## Provided data
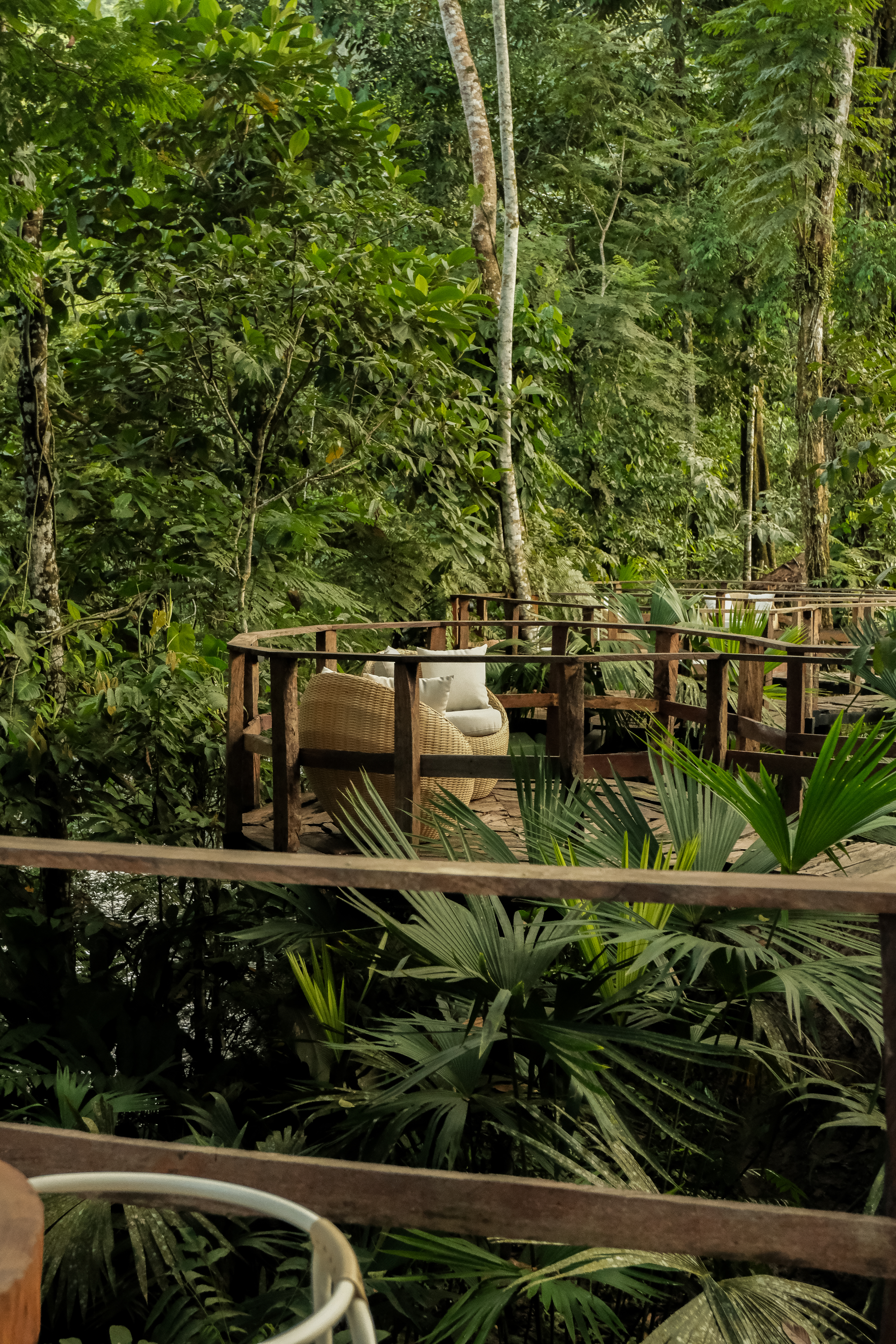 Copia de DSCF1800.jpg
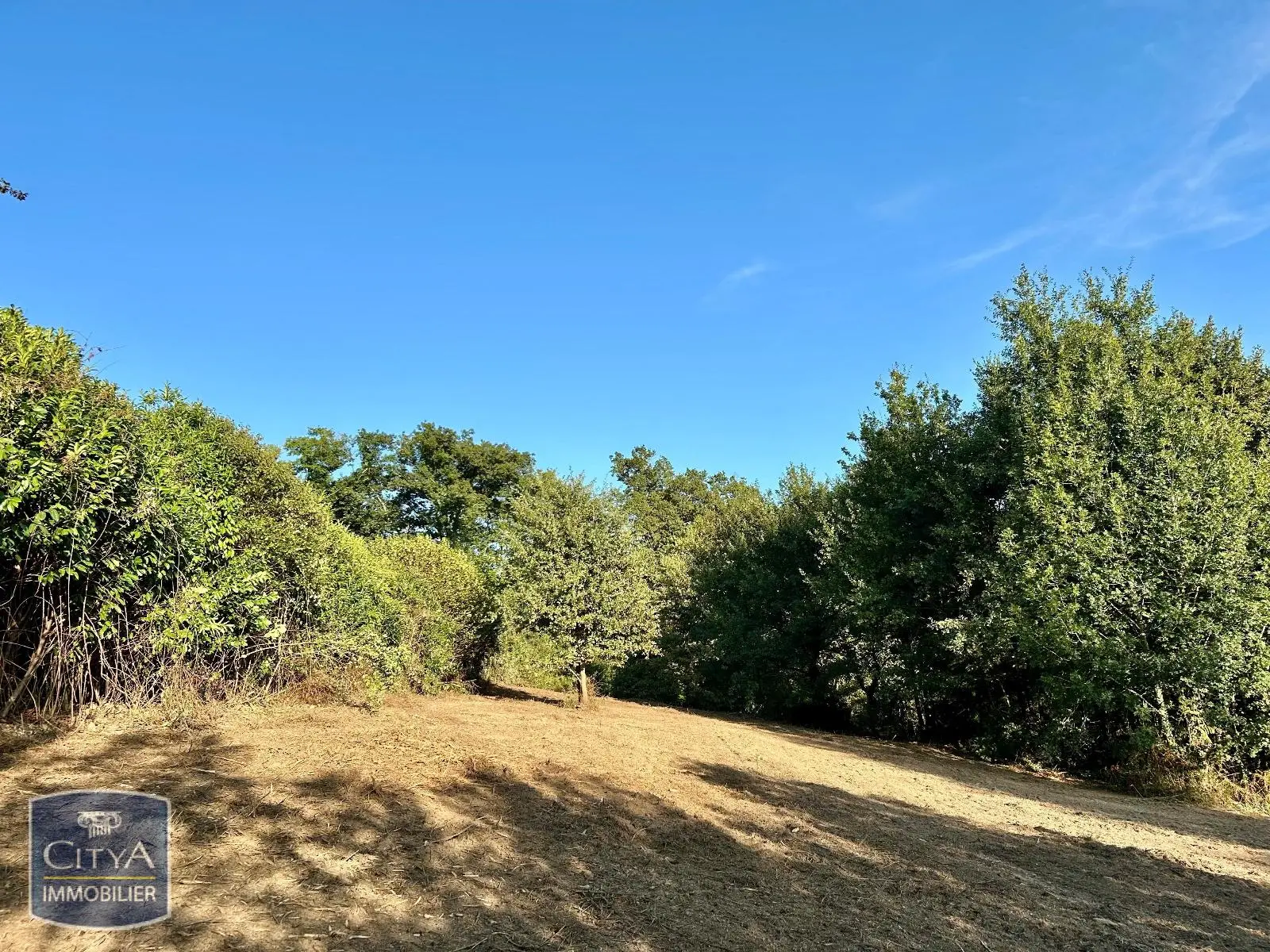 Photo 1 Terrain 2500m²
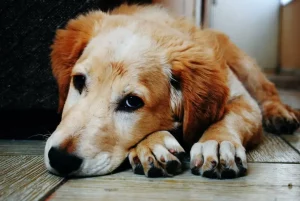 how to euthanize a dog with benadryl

--

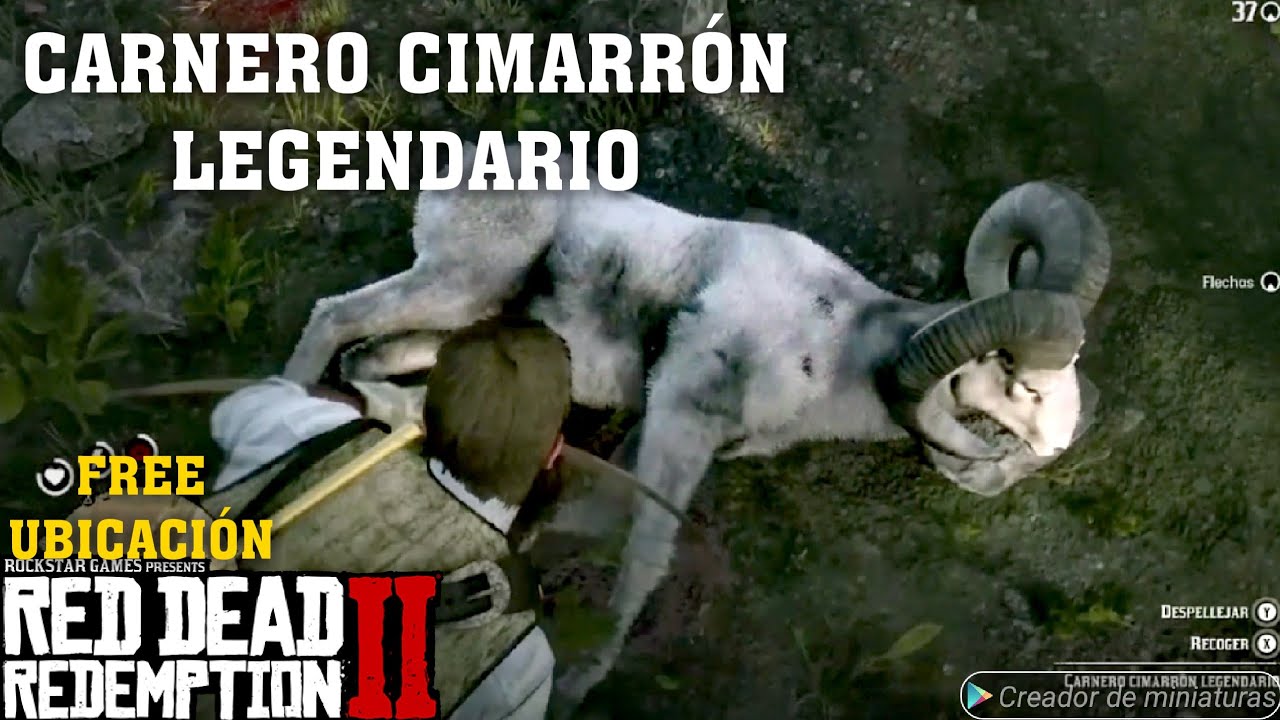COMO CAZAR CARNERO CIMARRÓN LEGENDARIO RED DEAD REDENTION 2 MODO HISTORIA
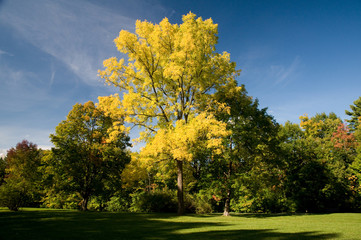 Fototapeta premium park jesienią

--

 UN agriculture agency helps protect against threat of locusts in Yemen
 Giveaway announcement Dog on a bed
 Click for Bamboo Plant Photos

## Exercise description
Print exactly the lines above, between the one holding "UN agriculture agency" and the one holding "Click for Bamboo Plant Photos", inclusive, and nothing besides.

## Response
 UN agriculture agency helps protect against threat of locusts in Yemen
 Giveaway announcement Dog on a bed
 Click for Bamboo Plant Photos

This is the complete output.